- Borrowing over £5K can cost nearly £500 less in interest
People looking for a personal loan of less than £5,000 should now consider borrowing a little bit more as it may cost them less over the full term and give them extra dosh in their pocket.
Personal loan rates have been on the rise since early 2006, however in recent months rates for loans of over £5,000 have become more competitive with the average top 10 rates at 10.46 per cent, compared to 10.68 per cent at the beginning of the year. However the same cannot be said for loans less than £5,000 as rates continue to increase. Borrowers are now paying up to 135 per cent more for their loan compared to four years ago.
It is now more cost efficient for borrowers to consider increasing the sum they wish to borrow; a borrower looking at £4,500 over five years would pay back £1,643 in interest from the current best buy provider, however increasing this amount to £5,000 over the same term, a borrower would pay back just £1,150, - saving £493 in interest plus they would have an additional £500 to spend for the same monthly repayments.

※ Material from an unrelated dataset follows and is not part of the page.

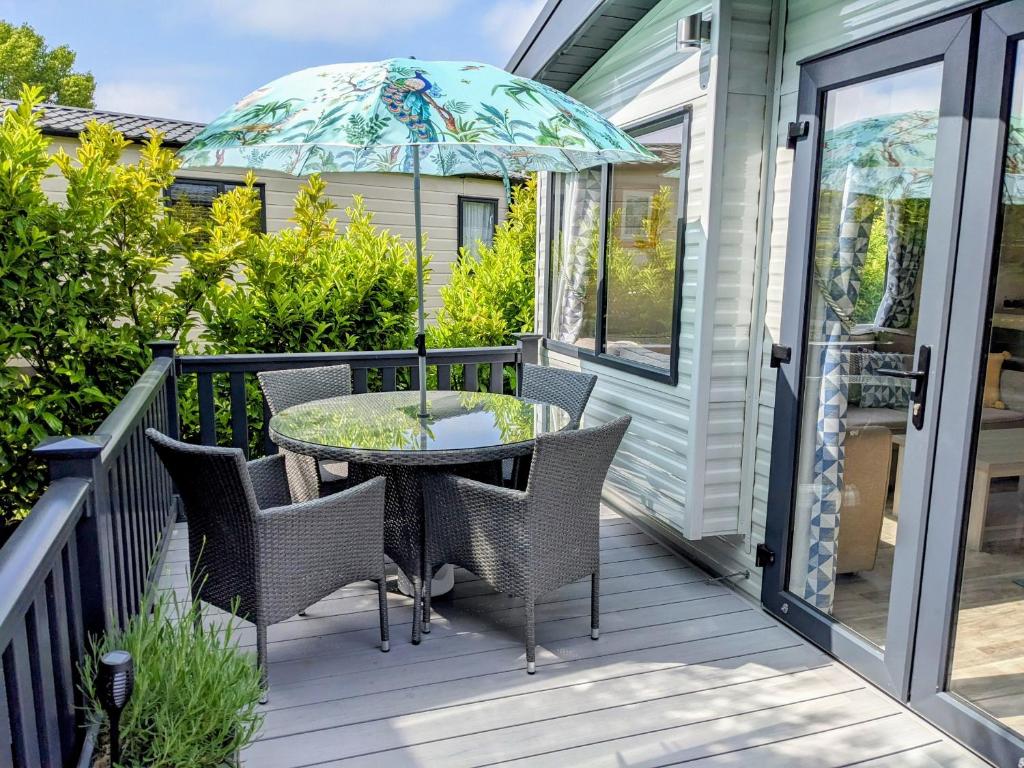 un patio con mesa, sillas y sombrilla en Modern 2 Bedroom Mobile home with parking on St Helens Coastal Resort Isle of Wight en Saint Helens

Tim Moss, head of loans and debt at moneysupermarket.com said: "The credit crunch has really impacted borrowers who are looking for smaller loans. Not only is it more difficult to get a loan, with many lenders tightening their approval criteria, those that do manage to get one will undoubtedly pay through the nose. Previously lenders kept their rates consistent with the Bank of England Base Rate, but since it dropped to a record low, banks have used this as an excuse to release the reins and increase the cost of lending massively.
"If you are financially stretched and in need of a loan, now is the time to play the banks at their own game and really use current provider rates to your advantage. By borrowing a bit more you can actually save yourself money without increasing the term or monthly repayments, which shows just how much the market has changed. As with all products it is vital to shop around to make sure you get the best deal and don't be tempted to borrow more than you can really afford to pay back."